Das Verzeichnis existiert nicht, und die Klasse ResourceManager sollte eine RuntimeException werfen. Da dies mit der Annotaion "@Test( expected = RuntimeException.class )" angegeben wurde, ist der Test erfolgreich.

Diese vorgehensweise habe ich aus irgendeinem Beispiel... ich glaube von der JUnit Doku selbst.

Leite ich die Testklasse nun von "TestCase" ab, um Dein Vorschlag mit "suite.addTestSuite(MeineKlasseTest.class);" zu verwenden, so schlägt mein Testcode von oben fehl, obwohl er es nicht sollte.

Irgendwas stimmt doch hier nicht - wieso z.B. leitet Eclipse meine Testklasse nicht gleich von "TestCase" ab? Kann es vielleicht daran liegen, dass ich die neueste Version von JUnit verwende?

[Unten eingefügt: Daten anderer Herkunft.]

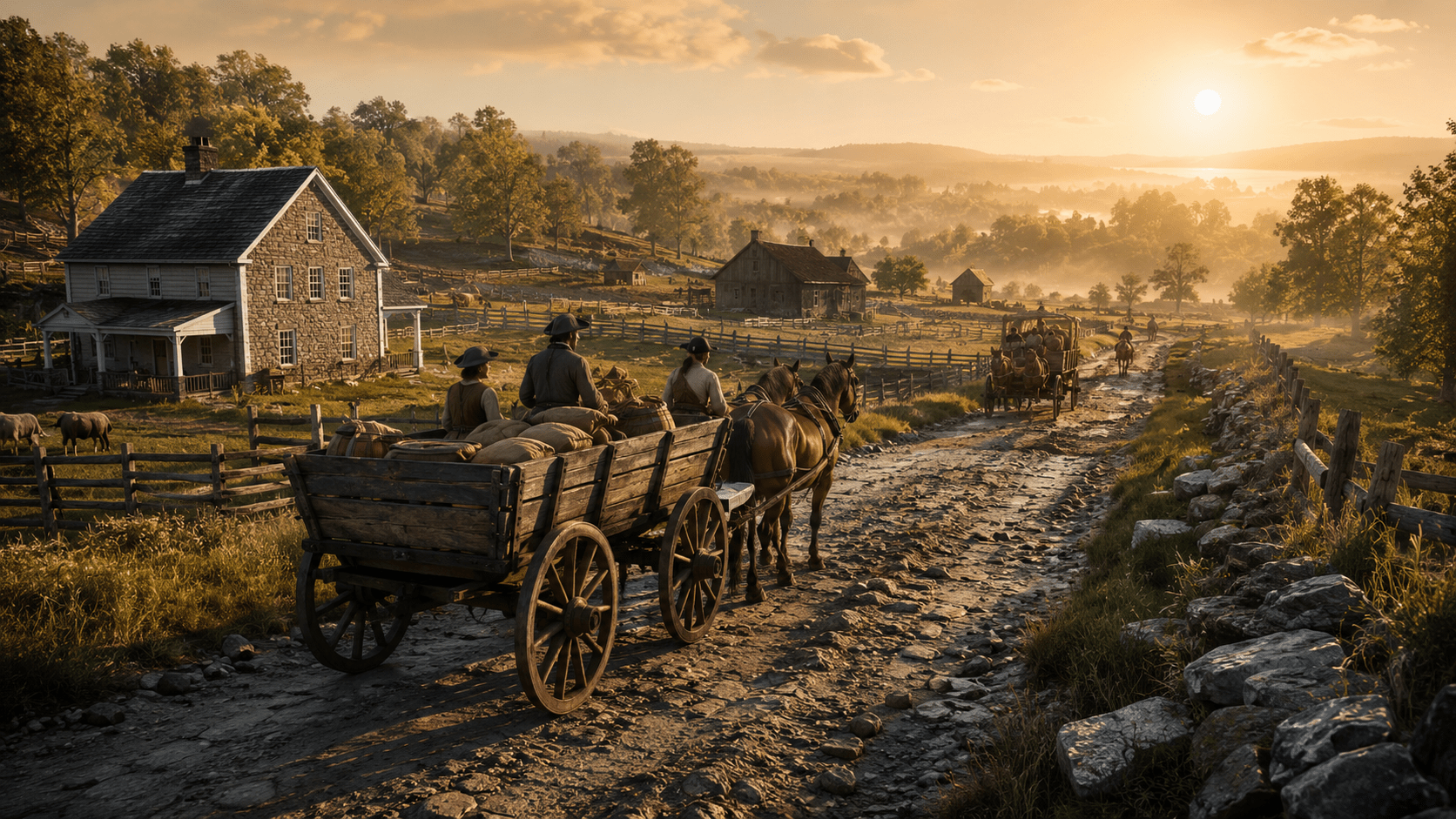 America’s First Turnpike Helped Shape Agricultural Expansion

Hat sonst noch jemand eine Idee?


Vielen Dank!


----------



## DarthShader (24. Dezember 2007)

Kann mir denn keiner helfen? Ich verstehe meine Problematik einfach nicht.Ist es immer so, dass Test-Klasse von "TestCase" abgeleitet werden? Aber warum macht Eclipse das dann nicht automatisch beim Erstellen einer solchen Testklasse? Und wieso funktioniert mein oben angegebener Unit Test nicht mehr, wenn ich von "TestCase" ableite?

Über Hilfe würde ich mich wirklich sehr freuen

Danke!


----------



## zeja (25. Dezember 2007)

Nunja es handelt sich da um unterschiedliche Vorgehensweisen. Die eine ist Tests über Annotations durchzuführen und die andere manuell über Code.

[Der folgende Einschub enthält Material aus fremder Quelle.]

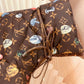 LV PILLOW COMFORT ANKLE BOOT MONOGRAM CANVAS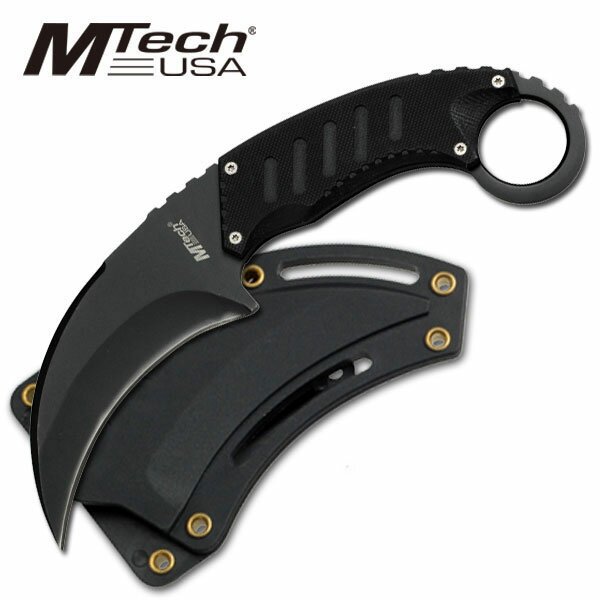 MTech USA Neck Karambit Knife 7.5'' Overall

Wenn du sie mit normalen Code ausführen willst dann erweiterst du TestCase, lässt jede Methode mit test beginnen und benutzt assert um den Vergleich von erhaltenem Ergebnis und gewünschten Ergebnis durchzuführen.

Dort scheint es eine nette Übersicht zu geben: http://www.frankwestphal.de/JUnit4.0.html

Das Problem ist wohl dass Eclipse nur Klassen zur Auswahl anbietet die TestCase erweitern, nur dass passt eben nicht zum neuen Prinzip der Testerstellung mit Annotations. Also musst du die Klassen selber zur Suite hinzufügen: http://radio.javaranch.com/lasse/2006/07/27/1154024535662.html


----------



## DarthShader (27. Dezember 2007)

Danke für Deine Antwort. Der letzte Link ist genau das, was ich gesucht hatte - ich konnte es einfach nicht finden und stieß immer wieder nur auf Codebeispiele, bei denen die Testsuites auf die "alte" Weise eingebunden wurden.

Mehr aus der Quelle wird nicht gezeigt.